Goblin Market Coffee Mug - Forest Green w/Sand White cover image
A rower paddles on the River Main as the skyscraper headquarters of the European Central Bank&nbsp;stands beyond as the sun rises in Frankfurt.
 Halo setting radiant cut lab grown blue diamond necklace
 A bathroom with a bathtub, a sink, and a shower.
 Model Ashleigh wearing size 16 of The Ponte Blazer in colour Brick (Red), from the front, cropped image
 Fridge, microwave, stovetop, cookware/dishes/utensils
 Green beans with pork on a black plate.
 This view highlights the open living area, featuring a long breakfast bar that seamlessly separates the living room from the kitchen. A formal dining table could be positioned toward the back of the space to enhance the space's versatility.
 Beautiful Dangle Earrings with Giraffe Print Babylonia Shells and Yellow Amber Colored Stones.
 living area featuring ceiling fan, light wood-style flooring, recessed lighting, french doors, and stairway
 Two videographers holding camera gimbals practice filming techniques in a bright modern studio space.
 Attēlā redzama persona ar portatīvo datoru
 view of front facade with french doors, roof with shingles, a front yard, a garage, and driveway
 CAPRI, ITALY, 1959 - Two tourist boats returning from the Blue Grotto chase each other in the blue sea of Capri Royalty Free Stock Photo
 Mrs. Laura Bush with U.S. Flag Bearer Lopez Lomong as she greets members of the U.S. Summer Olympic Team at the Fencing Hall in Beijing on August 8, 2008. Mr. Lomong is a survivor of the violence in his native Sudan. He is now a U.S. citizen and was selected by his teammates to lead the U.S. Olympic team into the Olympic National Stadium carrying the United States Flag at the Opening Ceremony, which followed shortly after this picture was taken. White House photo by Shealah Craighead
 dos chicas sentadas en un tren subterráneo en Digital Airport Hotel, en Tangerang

**EXERCISE REQUIREMENTS**
Emit the records above again, exactly, with no line skipped.

**ANSWER TO THIS PROBLEM**
Goblin Market Coffee Mug - Forest Green w/Sand White cover image
A rower paddles on the River Main as the skyscraper headquarters of the European Central Bank&nbsp;stands beyond as the sun rises in Frankfurt.
 Halo setting radiant cut lab grown blue diamond necklace
 A bathroom with a bathtub, a sink, and a shower.
 Model Ashleigh wearing size 16 of The Ponte Blazer in colour Brick (Red), from the front, cropped image
 Fridge, microwave, stovetop, cookware/dishes/utensils
 Green beans with pork on a black plate.
 This view highlights the open living area, featuring a long breakfast bar that seamlessly separates the living room from the kitchen. A formal dining table could be positioned toward the back of the space to enhance the space's versatility.
 Beautiful Dangle Earrings with Giraffe Print Babylonia Shells and Yellow Amber Colored Stones.
 living area featuring ceiling fan, light wood-style flooring, recessed lighting, french doors, and stairway
 Two videographers holding camera gimbals practice filming techniques in a bright modern studio space.
 Attēlā redzama persona ar portatīvo datoru
 view of front facade with french doors, roof with shingles, a front yard, a garage, and driveway
 CAPRI, ITALY, 1959 - Two tourist boats returning from the Blue Grotto chase each other in the blue sea of Capri Royalty Free Stock Photo
 Mrs. Laura Bush with U.S. Flag Bearer Lopez Lomong as she greets members of the U.S. Summer Olympic Team at the Fencing Hall in Beijing on August 8, 2008. Mr. Lomong is a survivor of the violence in his native Sudan. He is now a U.S. citizen and was selected by his teammates to lead the U.S. Olympic team into the Olympic National Stadium carrying the United States Flag at the Opening Ceremony, which followed shortly after this picture was taken. White House photo by Shealah Craighead
 dos chicas sentadas en un tren subterráneo en Digital Airport Hotel, en Tangerang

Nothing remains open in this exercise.